* **GIVEN RECORDS**
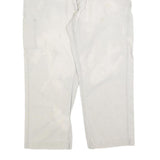 CARHARTT Mens Loose Cotton Blend White Trousers W36 L27 Workwear Zip Closure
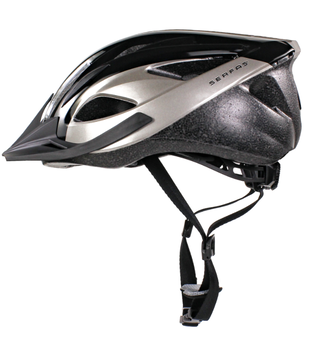 HELMET HT-204BKSL KARV GLOSS BLK/SLV LG/XLG   (SERFAS)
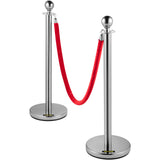 Fencing & Barriers: VEVOR 6PCS Red Rope Stanchion Silver Post Crowd Control Queue Line Barrier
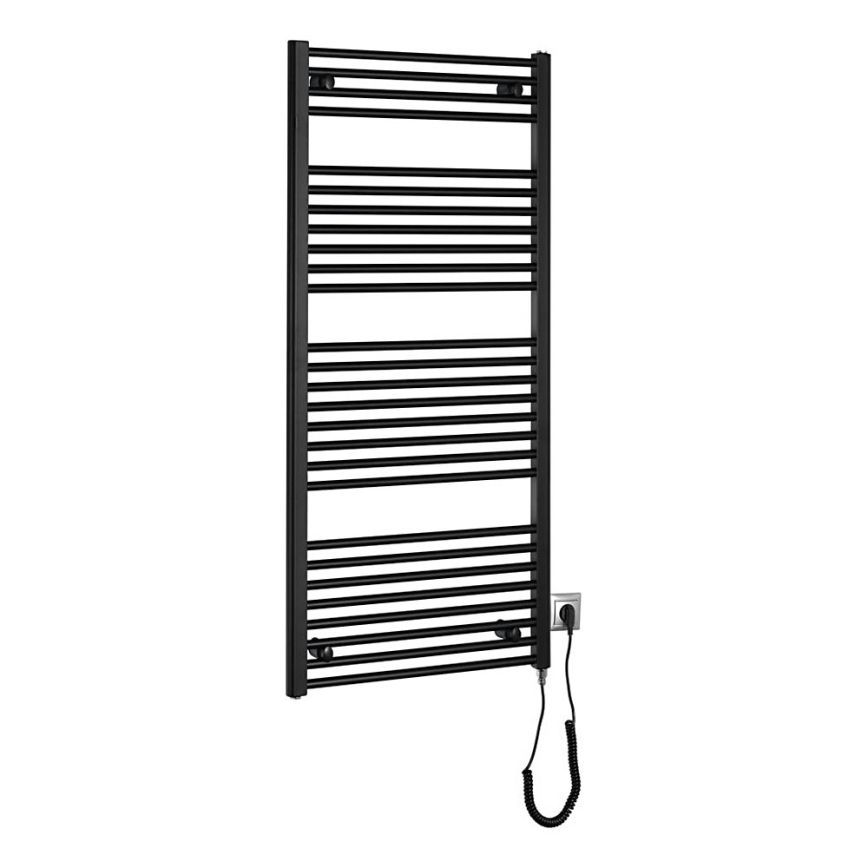 Aqualine - Badezimmer-Elektro-Heizkörper DIRECT-E 600W/230V 132 cm matt schwarz gerade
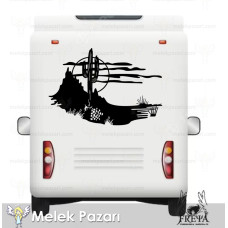 Cactus Landscape Caravan Sticker Cactus Landscape Caravan Sticker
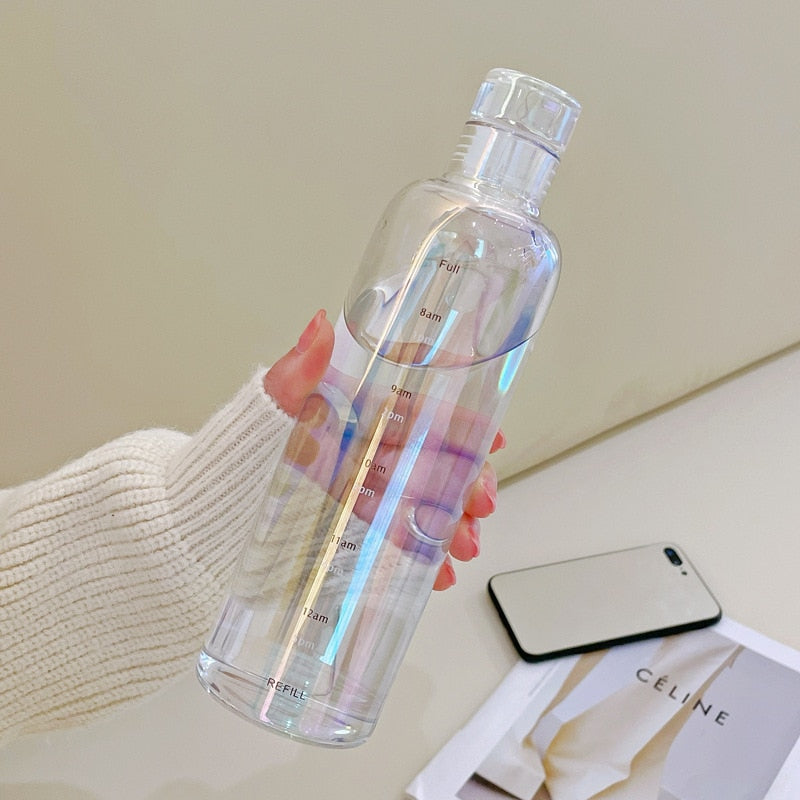 Heat Resistant Glass Water Bottle with Time Marker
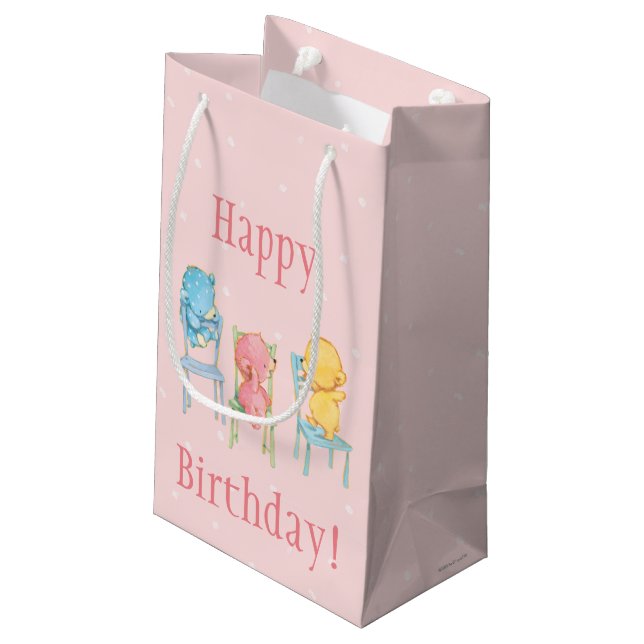 Gelb, rosa und Blau betrifft Stühle Kleine Geschenktüte (Rückseite Schrägansicht)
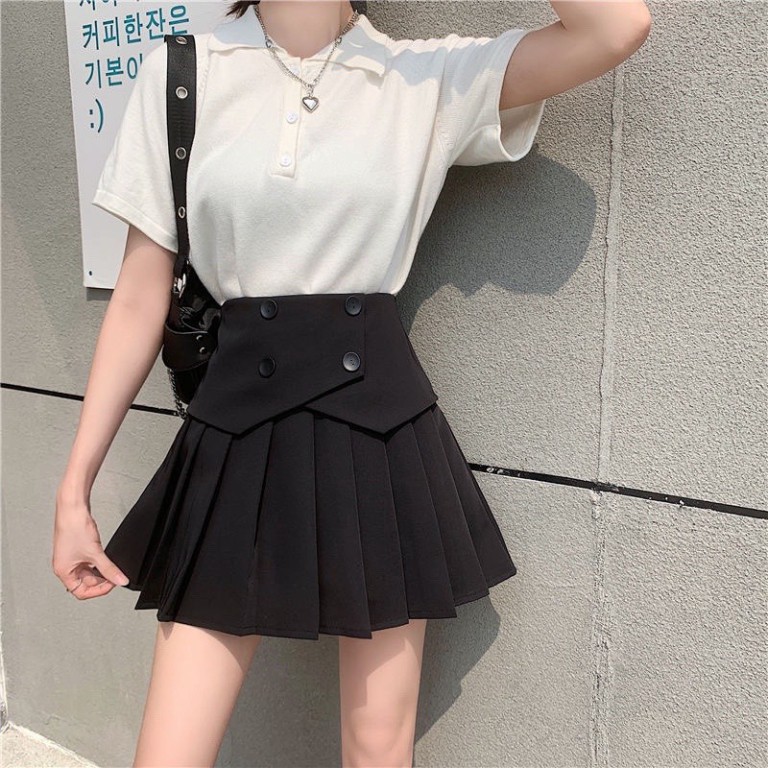 Chân Váy Tennis Xếp Ly, Chân Váy Chữ A 4 Khuy Phong Cách Nữ Tính Điệu Đà Dễ Thương | BigBuy360 - bigbuy360.vn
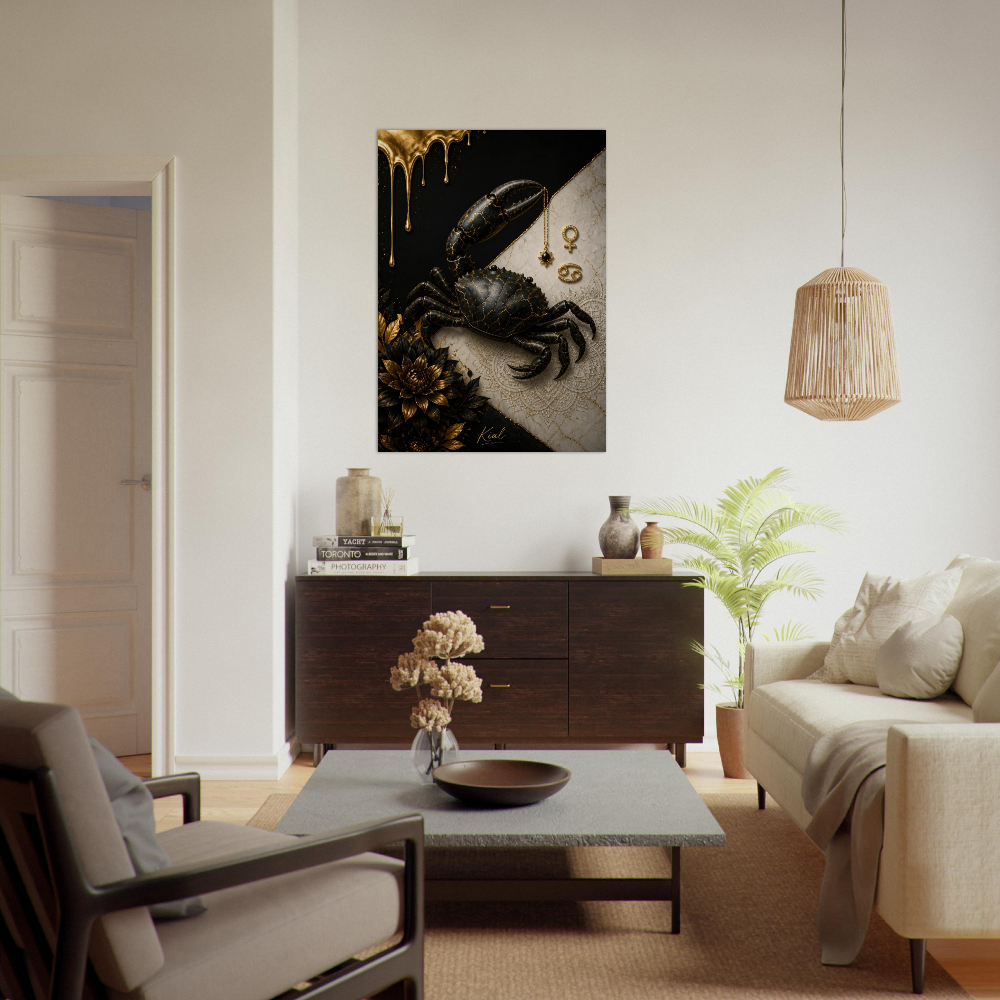 Cancer Zodiac Crab Poster, Gold Wall Art, Astrology Canvas, Crab Portrait, Zodiac Gift for Her, Danish Art Studio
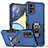 Silicone Matte Finish and Plastic Back Cover Case with Magnetic Finger Ring Stand S05 for Motorola Moto G22 Blue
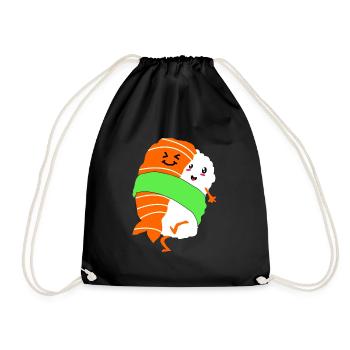 Sushi Go Rice Japan Tokyo Miso Nigiri Maki Udon - Drawstring Bag - black - Front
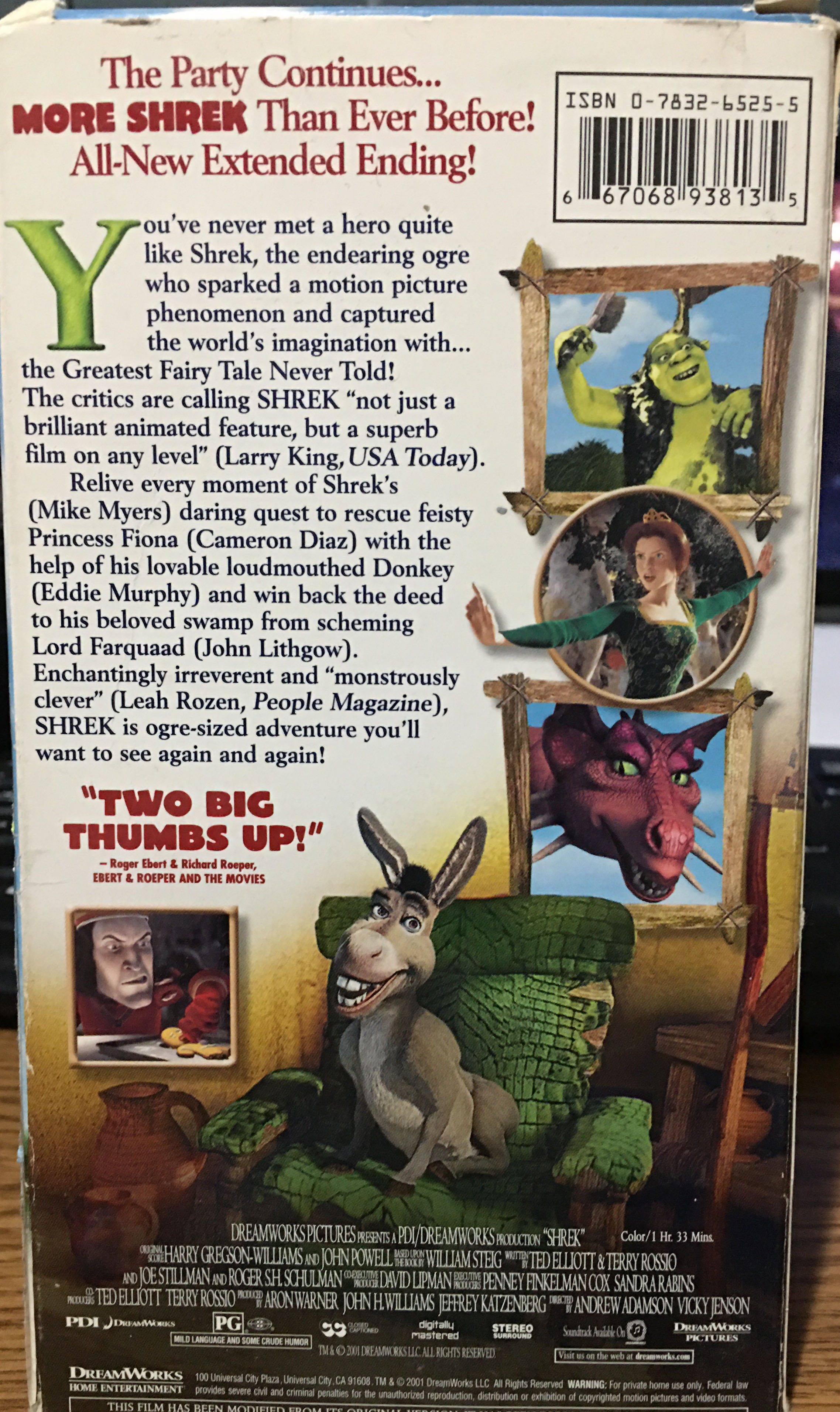 Shrek VHS movie collectible [Barcode 667068938135] - Main Image 2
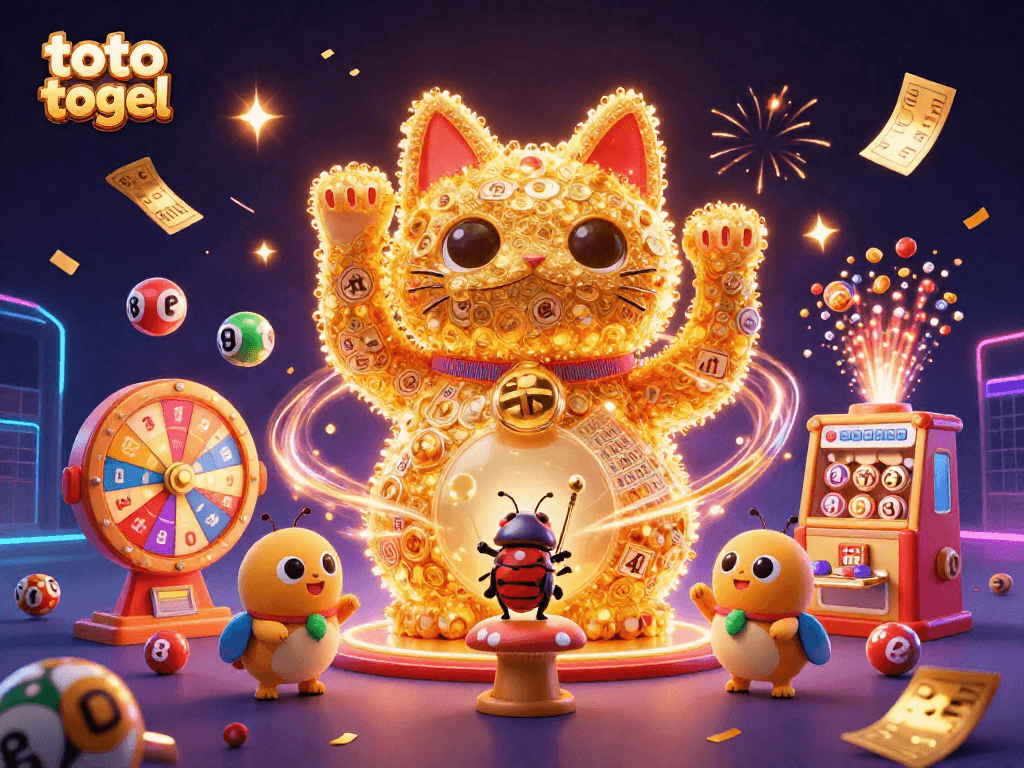 Experience the excitement of toto togel with vibrant lottery elements and a lucky cat illustration.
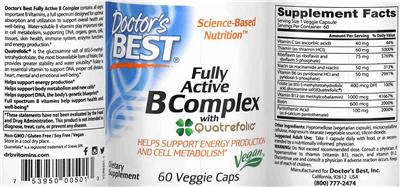 Photo of the Doctor's Best Fully Active B Complex with Quatrefolic label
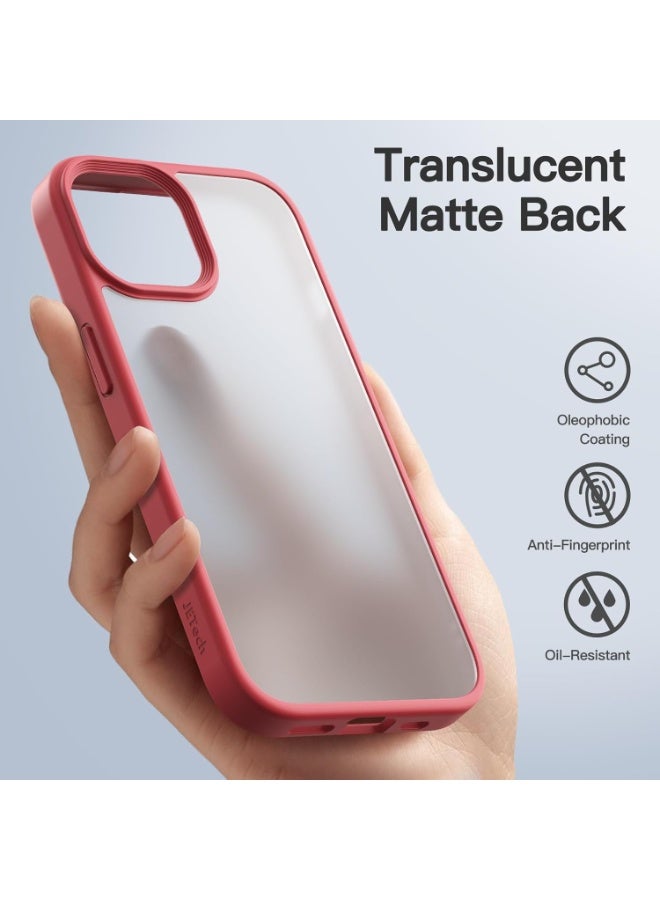 JETech Matte Cover Case for iPhone 15 6.1-Inch, Shockproof Military Grade Drop Protection, Frosted Translucent Back Phone Cover, Anti-Fingerprint (Maroon) - Image 4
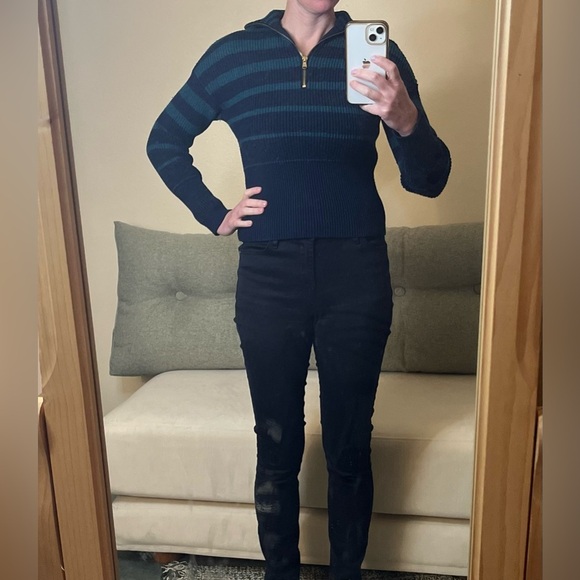 Trina Turk Sweater - Women's Small Navy Blue Green - Zip Turtleneck Pullover - Picture 11 of 12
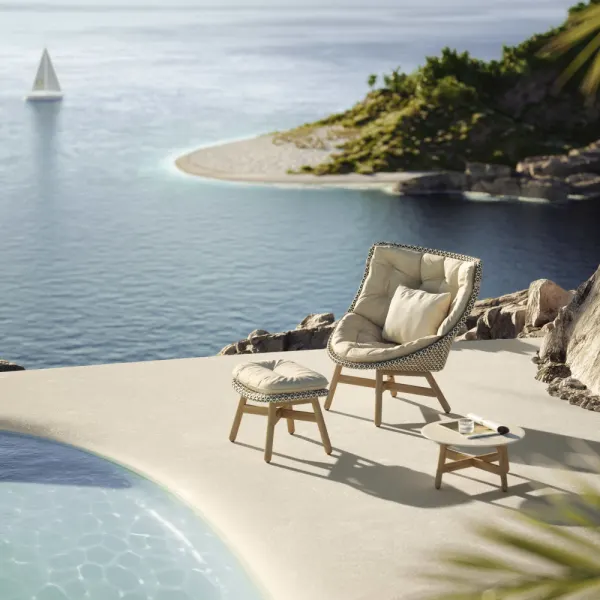 DEDON MBRACE Wing Chair, Footstool and Coffee Table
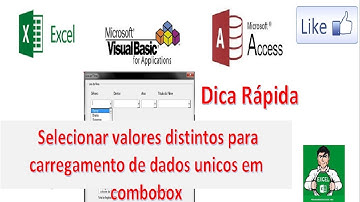 Selecionar valores distintos de dados unicos para combobox  direto do ACCESS | Clausula DISTINCT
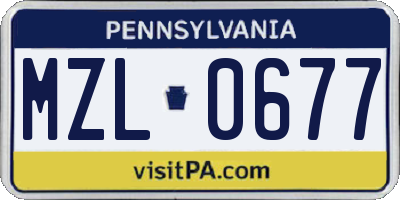 PA license plate MZL0677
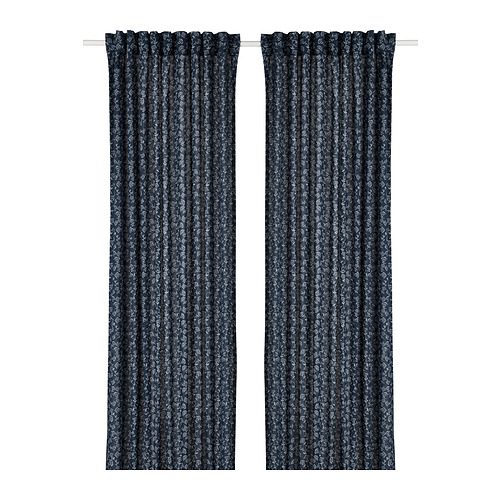 TRYSTÄVMAL - zasłona, 2 szt., 145x300 cm, granatowy/biały/wzór kwiatowy na taśmie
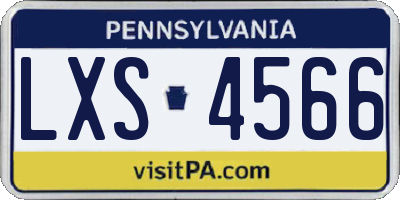 PA license plate LXS4566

* **TASK PROMPT**
Skipping the pictures, print the lines in the listing above exactly as written, starting at the line with "Sushi Go Rice" and ending at the line with "DEDON MBRACE Wing", both included.

* **SOLUTION TO THIS TASK**
 Sushi Go Rice Japan Tokyo Miso Nigiri Maki Udon - Drawstring Bag - black - Front
 Shrek VHS movie collectible [Barcode 667068938135] - Main Image 2
 Experience the excitement of toto togel with vibrant lottery elements and a lucky cat illustration.
 Photo of the Doctor's Best Fully Active B Complex with Quatrefolic label
 JETech Matte Cover Case for iPhone 15 6.1-Inch, Shockproof Military Grade Drop Protection, Frosted Translucent Back Phone Cover, Anti-Fingerprint (Maroon) - Image 4
 Trina Turk Sweater - Women's Small Navy Blue Green - Zip Turtleneck Pullover - Picture 11 of 12
 DEDON MBRACE Wing Chair, Footstool and Coffee Table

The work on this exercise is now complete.